CNN obtained the video from an anonymous individual who was recording the day of the shooting and had been listening to radio communications between Border Patrol agents responding to the scene.

The video appears to be shot from the outside of Robb Elementary School, with the radio communications playing nearby.

An adult voice can be heard asking "are you injured?"

A child responds "I got shot."

The adult voice asks where the child was shot before the conversation becomes unintelligible. The individual filming and another person listening to the radio are shocked to hear that a child had been shot inside the building.

"They shot a kid," one of the individuals outside the school says.

Last week, Steven McCraw, the director and colonel of the Texas Department of Public Safety, told reporters that numerous 911 calls were made from inside the school over the 90 minute period that the 18-year-old gunman was inside a classroom.

Several of the individuals who called 911 were ultimately killed by the gunman.

Due to the presence of Border Patrol units on the scene, it is likely the radio transmission captured in the video occurred after members of the BORTAC unit stormed the school and killed the gunman.

The Uvalde police have faced criticism in the aftermath of the shooting that left 19 students and two faculty members dead for waiting more than an hour to stop the shooter.

Mr McCraw said during a press conference that the police changed their tactics after the gunman entered a classroom, treating the attack as a barricaded suspect situation and not as an active shooter.

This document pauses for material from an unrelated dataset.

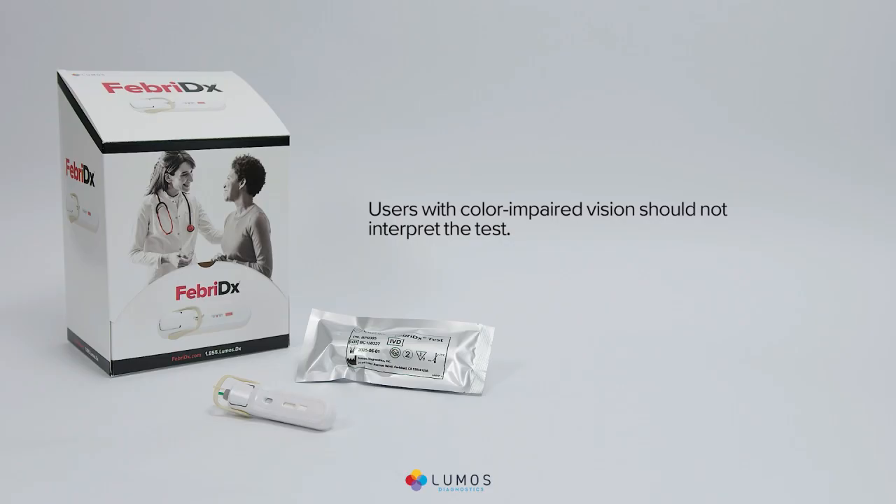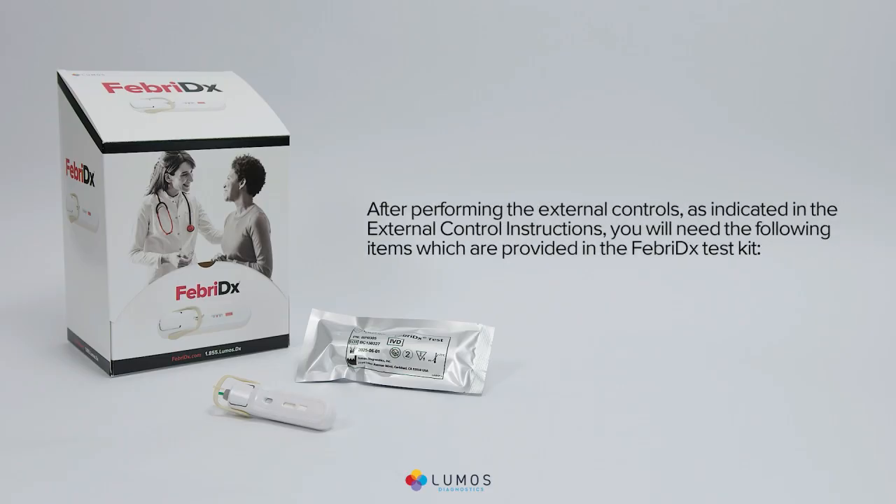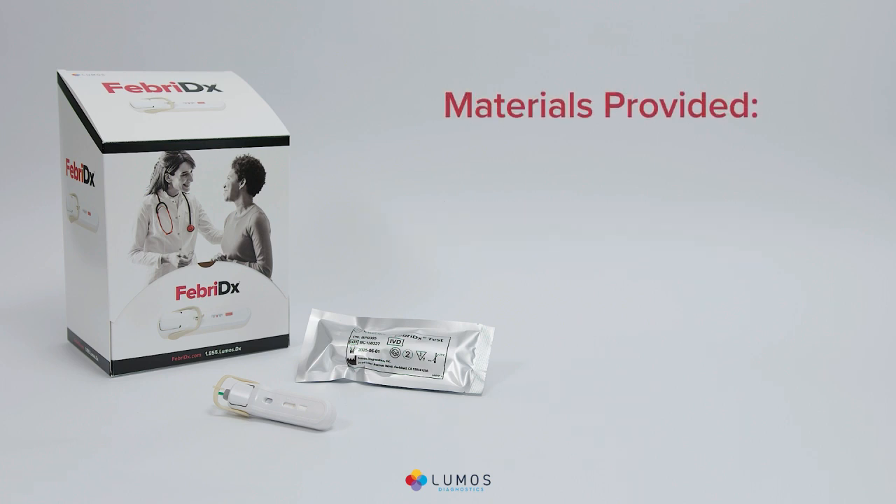Users with color-impaired vision should not interpret the test. After performing the external controls as indicated in the external control instructions, you will need the following items provided in the Febridex test kit: 25 single-use Febridex tests and one package insert.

In active shooter situations, police are instructed to neutralise the threat as quickly as possible and treat the wounded later. In barricaded suspect situations police generally fall back and attempt to talk the suspect out of their hiding spots or to formulate a plan of entry. Mr McGraw admitted that changing tactics was "the wrong decision”.

The decision has soured the relationship between the police and the Uvalde community, according to reporting from the Texas Tribune.

“It’s all over the world,” Donald Limon, a 64-year-old resident of Uvalde told the outlet. “Everybody knows, everybody’s saying the same thing: ‘Why were they standing outside?’ ‘Why didn’t they go in?’”

He has friends on the police force and knows the incident commander personally, but said he believes the police force's failure to stop the shooter may have turned the town against its police.

“A lot of people are upset,” Mr Limon said. “I think everybody’s opinion is gonna be changing.”